According to University of Illinois ag economist Darrel Good, recent soybean prices have come as somewhat of a surprise, given that domestic crush has slowed and a big South American harvest looms. But Good says there are several reasons for the current modest price strength.
1. USDA did not raise the forecast of the South American crop in a March 9 report, as many predicted it would.
2. Brazil’s currency is strong enough that U.S. soybeans could be a little more competitive in the world market.
“If that strength persists, there will also be less incentive to expand soybean acreage in Brazil in the coming year,” he adds.
3. More people are discussing yields risks for the 2016 soybean crop, and this may be adding to recent price strength, Good says.
4. The pace of U.S. soybean exports is hovering just under record exports from 2015.

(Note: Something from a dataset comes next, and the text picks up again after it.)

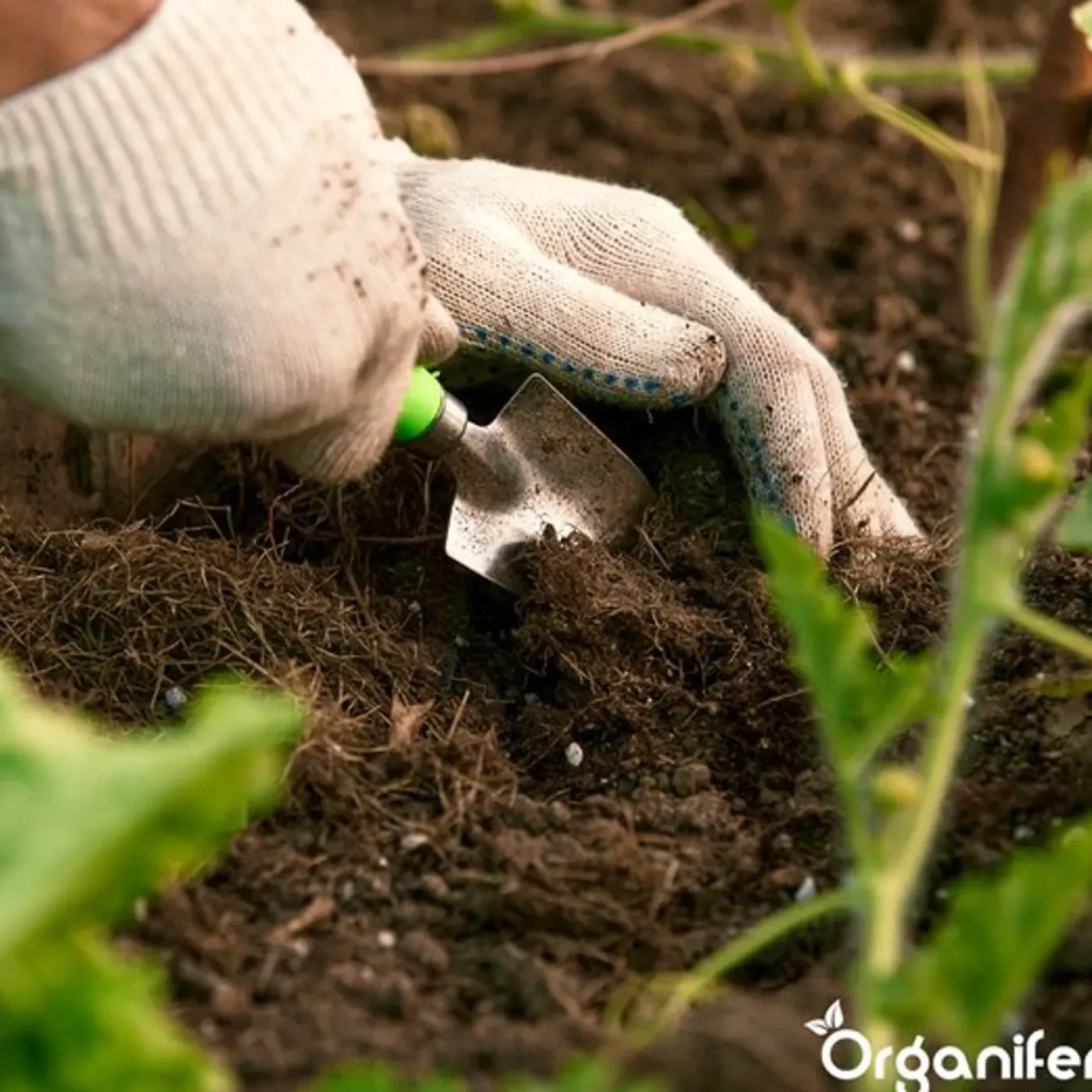 Organifer Compostversneller Voor Hoogwaardige Compost In Minder Tijd - 5 Kg / 25-100 M² Of 5 M³ -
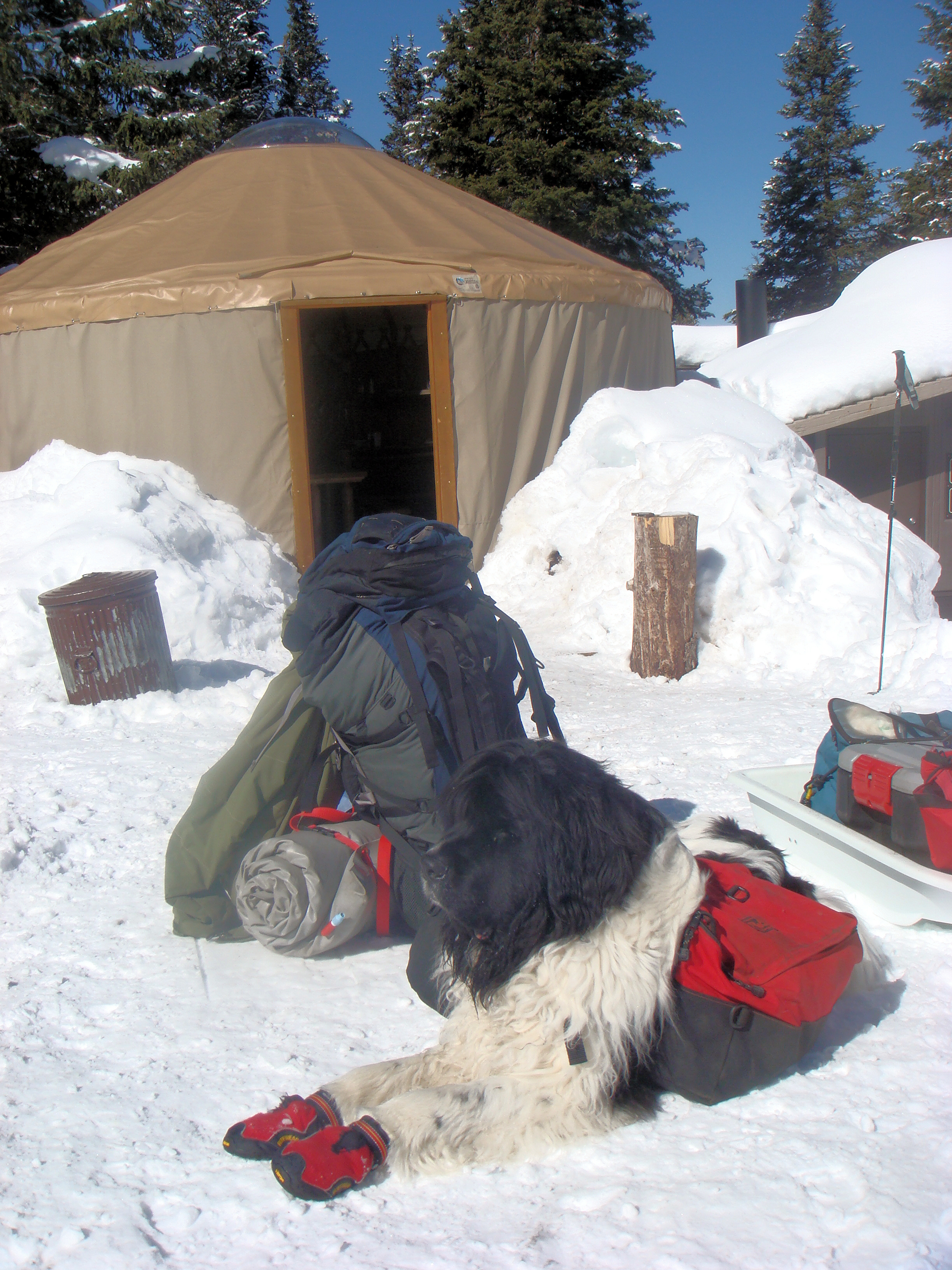 Yurt pooch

Prices can continue to rise, Good says, but only if one of two things happen.
“For soybean prices to continue to move higher, expectations of a stronger demand environment will have to emerge or conditions will have to begin to point to a much smaller U.S. soybean crop in 2016,” he says.
Good shares additional analysis at http://farmdocdaily.illinois.edu/2016/03/surprising-strength-soybean-prices.html.
Kevin McNew with Grain Hedge points out that private analysts have pegged the Brazil crop at 99.7 million metric tons, higher than their previous estimate of 98.5 million metric tons.
“Still, that’s fractionally lower than the USDA’s 100 million metric ton estimate,” he says.
Marketers expect to gain further insight after USDA releases its prospective plantings report on March 31.